• **RECORDED DATA**
━━━━━━━━
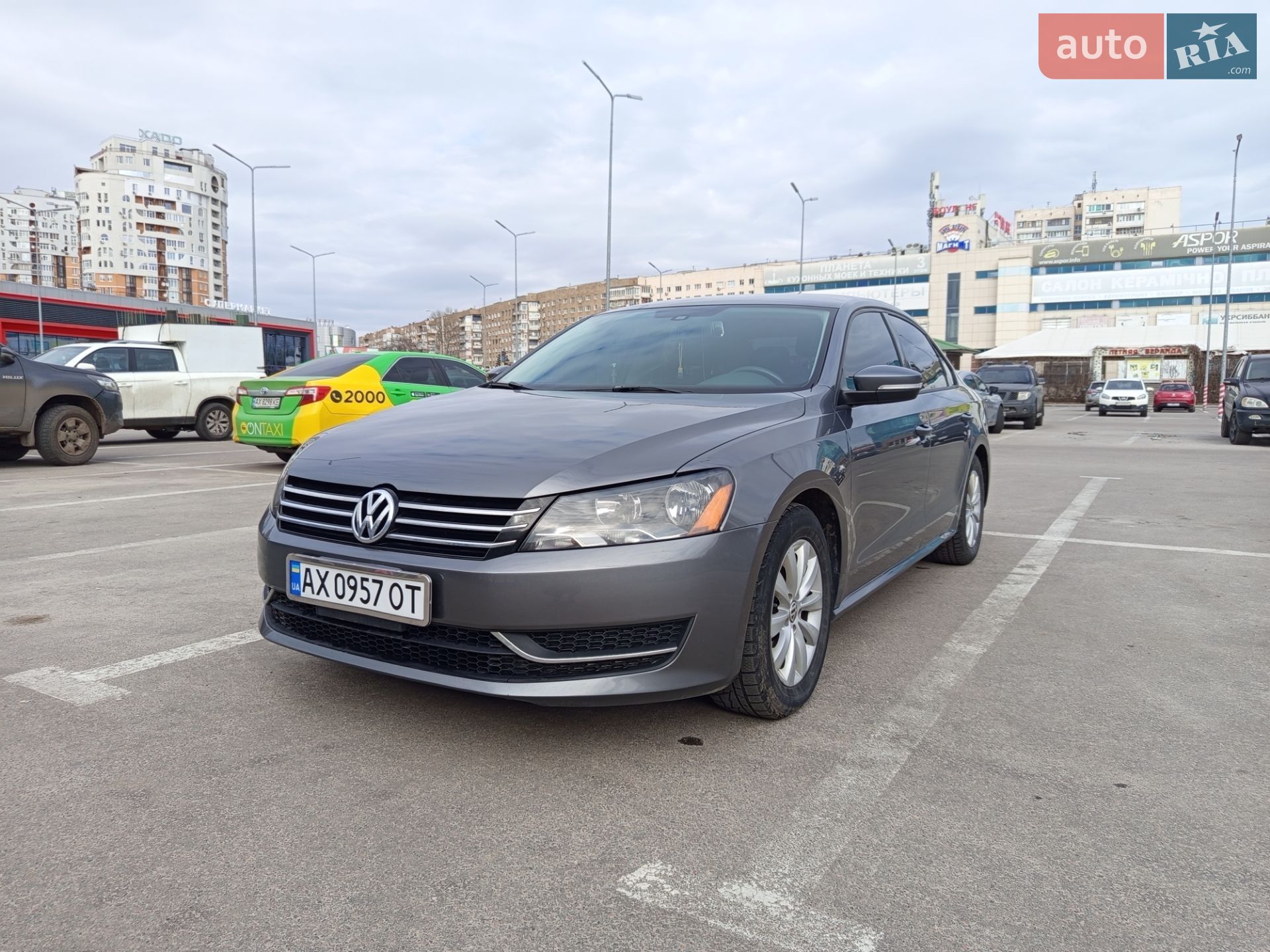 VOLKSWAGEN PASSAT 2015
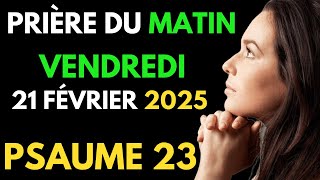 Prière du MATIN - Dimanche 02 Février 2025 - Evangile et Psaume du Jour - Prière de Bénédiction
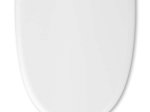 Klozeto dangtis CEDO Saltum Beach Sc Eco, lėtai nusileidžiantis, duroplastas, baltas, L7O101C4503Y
━━━━━━━━
• **WHAT TO WORK ON**
The response should reproduce all the material above exactly and leave out its pictures.

• **EXERCISE RESPONSE**
 VOLKSWAGEN PASSAT 2015
 Prière du MATIN - Dimanche 02 Février 2025 - Evangile et Psaume du Jour - Prière de Bénédiction
 Klozeto dangtis CEDO Saltum Beach Sc Eco, lėtai nusileidžiantis, duroplastas, baltas, L7O101C4503Y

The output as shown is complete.